Görüntülediğiniz mahkeme kararı henüz kesinleşmemiştir. Yararlı olması amacıyla eklenmiştir.
T.C.
İSTANBUL
1.FİKRÎ VE SINAÎ HAKLAR HUKUK MAHKEMESİ
ESAS NO : 2016/114 Esas
KARAR NO : 2020/231
DAVA : Marka (Maddi Tazminat İstemli)
DAVA TARİHİ : 18/05/2016
KARAR TARİHİ : 23/09/2020
Mahkememizde görülmekte bulunan Markaya tecazün önlenmesi ve Tazminat davasının yapılan açık yargılamasının sonunda:
GEREĞİ DÜŞÜNÜLDÜ:
İDDİA: Davacı vekilinin dava dilekçesinde; … kod numaralı “…” ibareli markanın müvekkilleri adına tescilli olduğunu, davalı … Tic. A.Ş’nin … adlı internet silesi üzerinden sahte ürün sattığını, Söz konusu ürünlerin sahte olduğunun; … 3. Asliye Hukuk Mahkemesi’nin … D. iş sayılı dosyası, … FSHC Mahkemesi’nin … E. Sayılı dosyası, … Cumhuriyet Başsavcılığımın … Soruşturma Numaralı dosyası ile tespit edildiğini, sahte ürün satışlarının marka hakkına tecavüz teşkil ettiğini, … Cumhuriyet Başsavcılığı … Soruşturma Numaralı dosya kapsamında davalı … şirket yetkilisinin dinlendiğini, ilgili şahsın 2015 yılı için ürün alımının … Tic. Ltd. Şti’den yapıldığını beyan ettiğini, Müvekkillerinin uğradığı zararın tazmini ve zararın sorumlusu 3. Kişilerin tespitini, marka hakkına tecavüz tüllerinin durdurulmasını, davacı şirket adına tescilli ve tanınmış “…” markasıyla sahte ürün sattığı iddiasıyla marka hakkına tecavüz kapsamında şimdilik 100.000 TL belirsiz alacak davası olduğunu, marka hakkına tecavüzün devamını önlemek amacıyla tedbirlerin alınmasını, el konulan sahte ürünlerin imhasını talep ve dava etmişlerdir.

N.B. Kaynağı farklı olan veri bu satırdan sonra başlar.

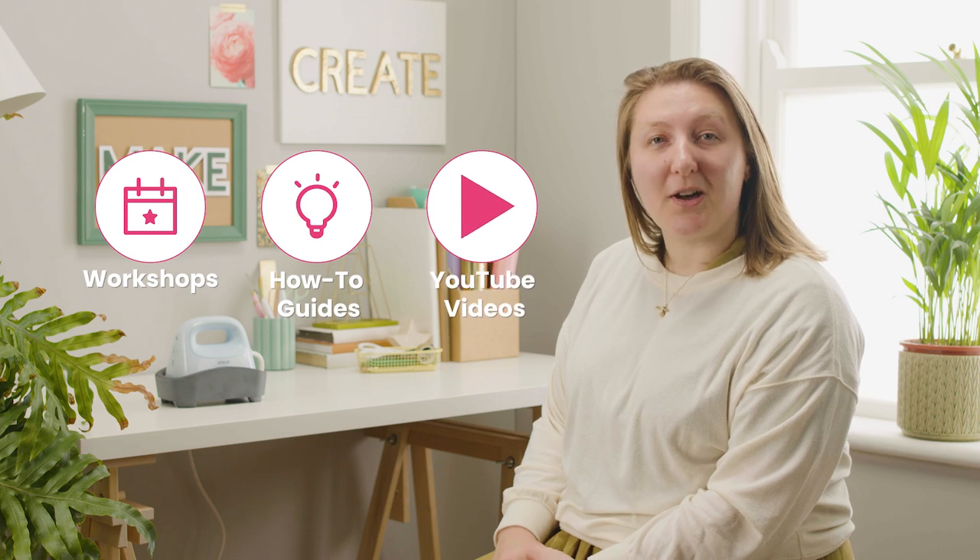Thanks for joining me for this video. Go to hobbycraft.co.uk to book a workshop, find your next craft project, or learn a new skill. If you found this video useful, leave a like and a comment below as we love to see them. See you again soon for more videos.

SAVUNMA: Davalı … vekili 22.06.2016 havale tarihli cevap dilekçelerinde özetle; diğer davalı şirket yetkilisi tarafından … Cumhuriyet Başsavcılığı Soruşturma Bürosunun … sor. nolu dosyasına verilen ifade tutanağında ürünleri tedarikçi firma … Tic. Ltd. Şti tarafından sağlandığı İddiası üzerine davacı tarafından iş bu davanın müvekkiline karşı İkame edildiğini, Oysa ki; diğer davalı …Tic.A.Ş ile davalı müvekkili arasında akdedilen tedarikçi sözleşmesinin 24.08.2015 tarihli olduğunu, bu tarihten Önce diğer davalı …Tic.A.Ş ile davalı müvekkili arasında sahte olduğu tespit edilen ürünlerle ilgili hiç bir ticari faaliyet söz konusu dahi olmadığını, taraflar arasında akdedilen tedarikçi sözleşmesinden önceki dönemlerde hiç bir şekilde ürün alım ve satışı gerçekleşmediğini, akdedilen 24.08.2015 tarihli tedarikçi sözleşmesinden sonra taraflar arasındaki İlk alım satımın 04.01.2016 tarihli olduğunu, müvekkili tarafından tedarik edilen ürünlerin sahte olduğuna dair dava dosyasında herhangi bir tespitin mevcut olmadığını, davanın reddine, karar verilmesini talep etmiştir.
Davalı … vekili 23.06.2016 havale tarihli cevap dilekçelerinde özetle; Müvekkili şirket nezdinde satışı yapılan sahte herhangi bir urun tespit edilmemiş olup davacının başkaca kişiler nezdinde yapılan tespitlere dayanarak tazminat talep etmesinin hukuki dayanağının bulunmadığını,Davacının dilekçesinde … 3. Asliye Hukuk Mahkemesinin … değişik iş sayılı dosyası kapsamında …’te … isimli bir işyerinde keşif yapılmak suretiyle ürün tespit edildiğini ifade ettiğini,buna ek olarak … isimli kişinin …’deki adresinde 4 adet ürün tespit edildiğini, müvekkili şirketin işyerinde ya da onunla bağlantılı herhangi bir yerde tespit edilen bir ürün bulunmadığını,. Daha önce müvekkili şirket yetkilisi … tarafından … soruşturma numaralı dosyada verilen ifade de yapılan bir tespit bulunmadığı, bu Ürünlerin … isimli diğer davalı şirketten alındığının ifade edildiğini, bir takım alış faturaları sunulduğunu ve fakat ne savcılık nezdindeki araştırmada ne de başkaca bir dosya kapsamında müvekkili şirketin aldığı ve sattığı ürünlerin sahte olduğuna dair bir tespitin mevcut olmayıp bu hususun davacının varsayımından ibaret olduğunu, Davacının tazminat talebinin de sahte ürün satıldığı varsayımına dayandığını,davacının talebinin hukuki bir dayanağı bulunmadığını,24.08,2015 tarihinde “Tedarikçi Sözleşmesi” akdedildiğini, müvekkili Şirket yönünden davanın reddi kararı verilmesi gerektiğini beyan etmişlerdir.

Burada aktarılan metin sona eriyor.